**Exercise instructions:** A full, word-for-word copy of the listing below is needed; leave the images out of it.

**Information supplied:**

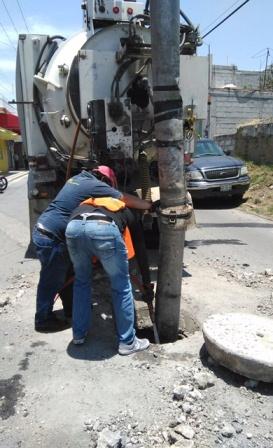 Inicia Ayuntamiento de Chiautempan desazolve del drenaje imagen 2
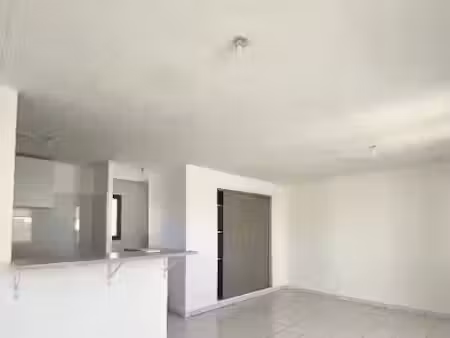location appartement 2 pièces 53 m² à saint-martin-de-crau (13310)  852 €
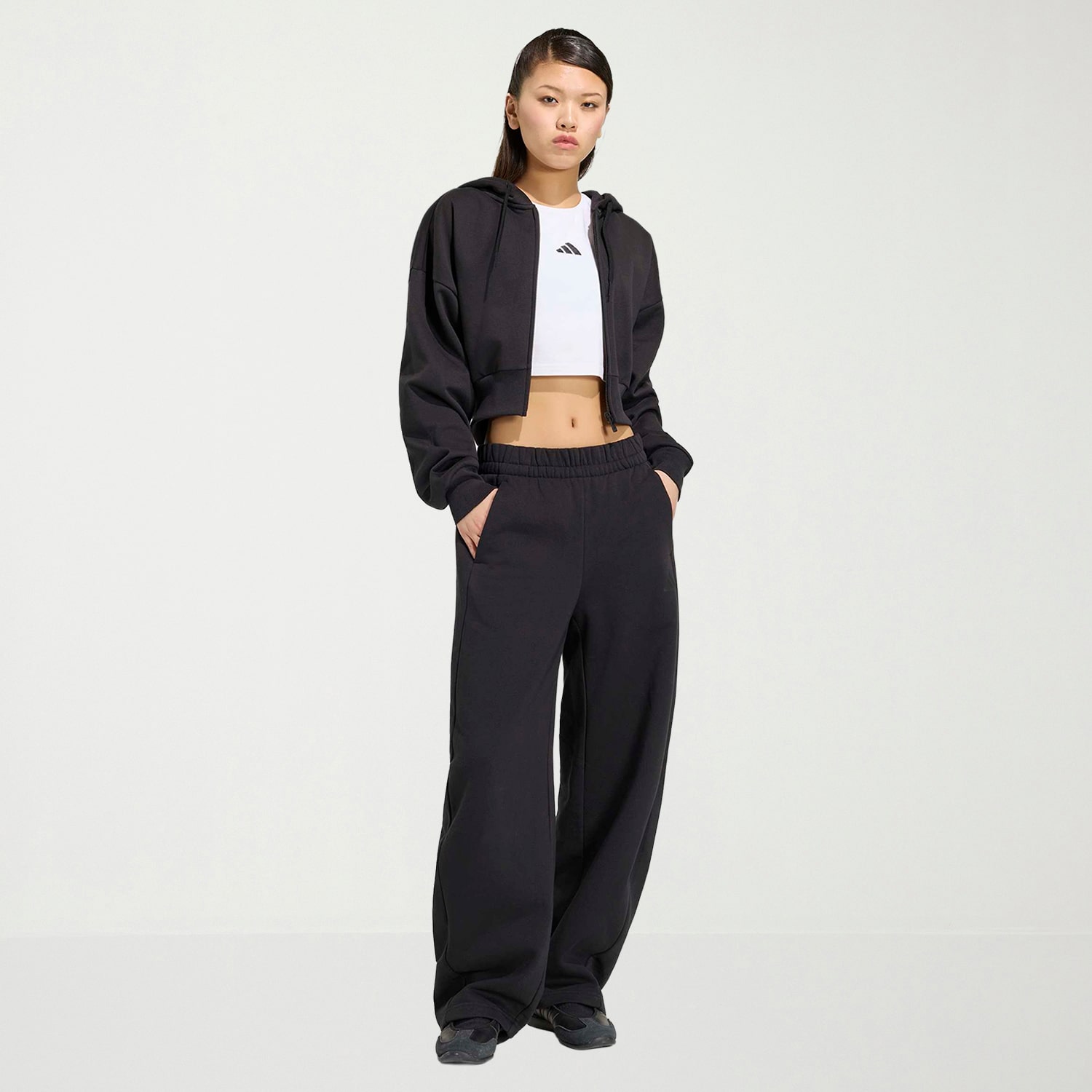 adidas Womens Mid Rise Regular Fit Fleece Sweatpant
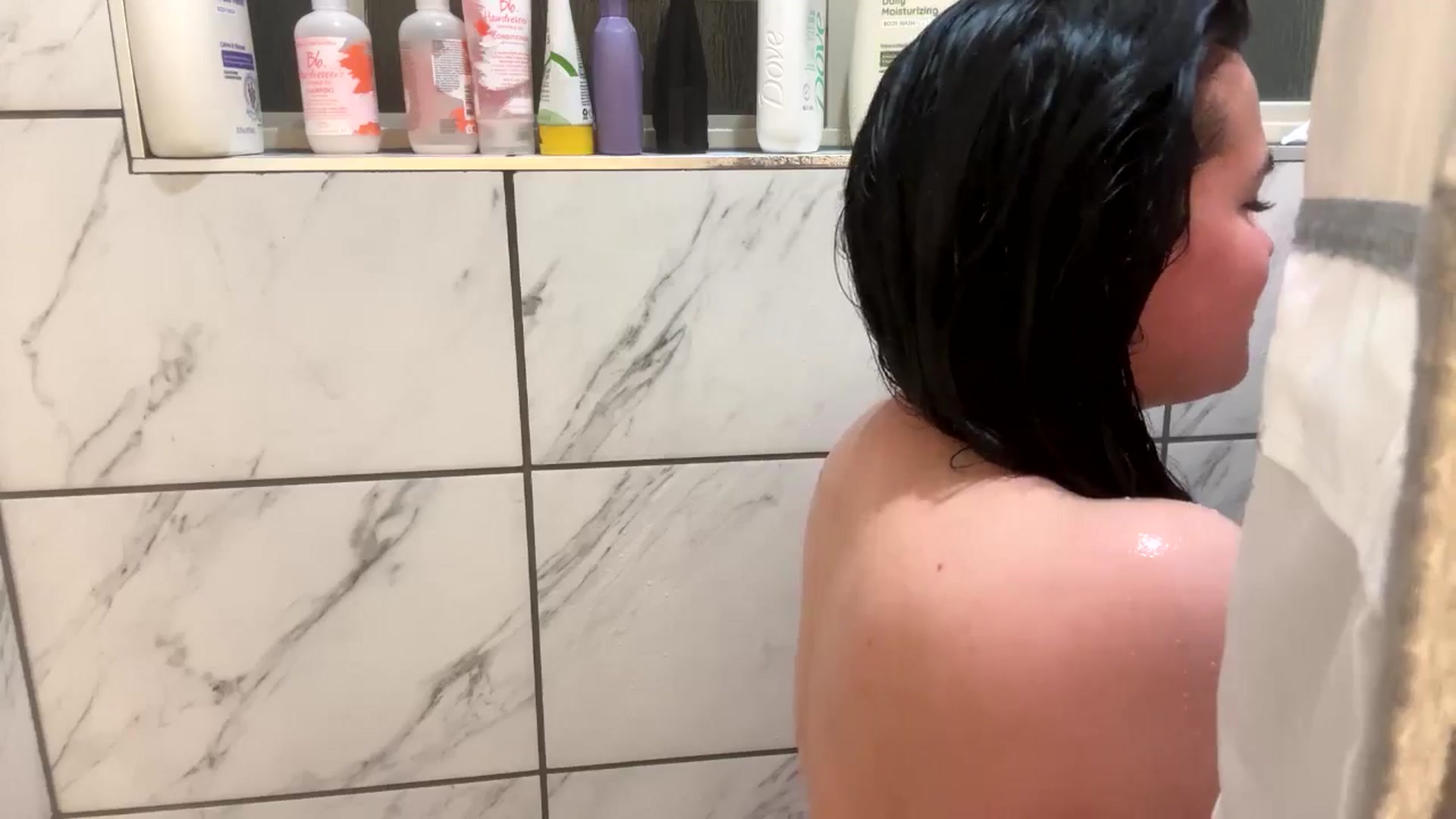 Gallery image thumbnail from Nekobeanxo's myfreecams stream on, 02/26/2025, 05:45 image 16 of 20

**The answer:**
 Inicia Ayuntamiento de Chiautempan desazolve del drenaje imagen 2
location appartement 2 pièces 53 m² à saint-martin-de-crau (13310)  852 €
 adidas Womens Mid Rise Regular Fit Fleece Sweatpant
 Gallery image thumbnail from Nekobeanxo's myfreecams stream on, 02/26/2025, 05:45 image 16 of 20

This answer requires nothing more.